Store bought pesto is always a mistake and pine nuts are just too expensive. Save your taste-buds and your wallet by trying this quick and easy walnut based basil pesto recipe for your next pasta night.
Pesto Di Noce (Walnut Pesto) Ⓥ
Cheaper than pine nuts, but just as delicious.
Servings: 2 Cups
- Blender or Food Processor
- 1 Cup Walnuts
- 1/3 Cup Basil Leaves, stems removed
- 3 Cloves Garlic, minced
- 3 Tbsp Go Veggie Parmesan Ⓥ alternatively, you could use regular grated Parmesan
- 1/8 tsp Salt
- 1/4 tsp Ground Black Pepper
- 1/2 Cup Extra Virgin Olive Oil
- 18 Oz. Cheese Tortellini (I used this Wegmans brand) OPTIONAL
- Italian Sausages OPTIONAL
- In a blender or food processor, place all the ingredients except for olive oil.
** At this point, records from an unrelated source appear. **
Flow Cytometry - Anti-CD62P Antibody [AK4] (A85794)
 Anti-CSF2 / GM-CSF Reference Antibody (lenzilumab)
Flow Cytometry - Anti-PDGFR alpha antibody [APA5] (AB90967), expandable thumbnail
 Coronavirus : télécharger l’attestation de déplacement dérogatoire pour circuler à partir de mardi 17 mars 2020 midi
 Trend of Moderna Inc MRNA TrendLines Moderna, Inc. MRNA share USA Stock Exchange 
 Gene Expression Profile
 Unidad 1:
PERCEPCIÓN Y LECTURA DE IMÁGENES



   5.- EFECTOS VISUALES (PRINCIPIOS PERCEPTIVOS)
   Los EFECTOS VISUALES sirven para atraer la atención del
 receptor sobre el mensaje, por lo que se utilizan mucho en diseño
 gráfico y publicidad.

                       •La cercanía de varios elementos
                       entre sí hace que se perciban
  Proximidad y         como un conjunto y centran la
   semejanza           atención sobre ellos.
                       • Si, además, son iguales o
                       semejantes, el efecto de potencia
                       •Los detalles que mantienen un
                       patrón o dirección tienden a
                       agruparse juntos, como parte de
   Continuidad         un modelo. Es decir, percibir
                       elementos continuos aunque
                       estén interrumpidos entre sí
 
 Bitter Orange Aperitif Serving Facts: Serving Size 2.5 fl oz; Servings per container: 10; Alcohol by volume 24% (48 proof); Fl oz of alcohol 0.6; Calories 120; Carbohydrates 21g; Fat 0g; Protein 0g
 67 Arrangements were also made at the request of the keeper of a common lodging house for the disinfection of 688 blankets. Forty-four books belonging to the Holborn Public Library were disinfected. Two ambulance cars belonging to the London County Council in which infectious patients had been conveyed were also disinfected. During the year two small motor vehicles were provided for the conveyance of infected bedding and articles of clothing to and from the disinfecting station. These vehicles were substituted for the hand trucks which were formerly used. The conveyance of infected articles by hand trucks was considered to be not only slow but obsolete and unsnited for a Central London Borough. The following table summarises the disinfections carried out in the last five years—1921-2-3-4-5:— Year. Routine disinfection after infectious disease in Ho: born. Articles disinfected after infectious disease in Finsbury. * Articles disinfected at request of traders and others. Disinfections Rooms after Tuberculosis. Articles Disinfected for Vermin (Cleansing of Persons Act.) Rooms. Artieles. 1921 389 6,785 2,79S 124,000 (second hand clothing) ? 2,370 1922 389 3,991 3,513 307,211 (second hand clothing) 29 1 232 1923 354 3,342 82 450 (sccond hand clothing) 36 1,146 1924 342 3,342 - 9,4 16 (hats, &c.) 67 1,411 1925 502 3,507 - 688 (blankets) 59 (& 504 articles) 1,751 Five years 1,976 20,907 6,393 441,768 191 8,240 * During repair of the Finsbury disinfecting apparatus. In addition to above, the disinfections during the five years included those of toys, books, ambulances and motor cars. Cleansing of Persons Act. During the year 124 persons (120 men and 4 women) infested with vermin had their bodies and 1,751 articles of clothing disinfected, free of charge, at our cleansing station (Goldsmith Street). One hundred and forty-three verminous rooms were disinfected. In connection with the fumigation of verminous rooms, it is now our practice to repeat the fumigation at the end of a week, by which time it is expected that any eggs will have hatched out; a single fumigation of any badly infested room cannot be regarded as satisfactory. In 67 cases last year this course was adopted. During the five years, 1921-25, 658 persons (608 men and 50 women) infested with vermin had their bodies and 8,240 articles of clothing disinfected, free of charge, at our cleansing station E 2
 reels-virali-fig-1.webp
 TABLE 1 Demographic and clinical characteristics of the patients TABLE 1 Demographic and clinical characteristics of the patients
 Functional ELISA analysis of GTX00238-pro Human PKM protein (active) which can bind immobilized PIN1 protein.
Start the blender and through the small opening of the machine, slowly drizzle in the olive oil, little by little. Once the pesto is at your desired consistency, place in a jar and store in fridge for up to a week.*
- If you’re adding the tortellini, cook the pasta according to the instructions on the container. Drain the pasta and place in a skillet. Over low heat, spoon pesto on top of the tortellini, careful not to break the pasta and not letting the pasta stick to the pan. Remove from heat.
- For some protein, I roasted Italian sausage and added that to the dish also. Chicken or shrimp may also be a good protein to add.*I have read of methods of freezing pesto for later use, but I personally have not tried it.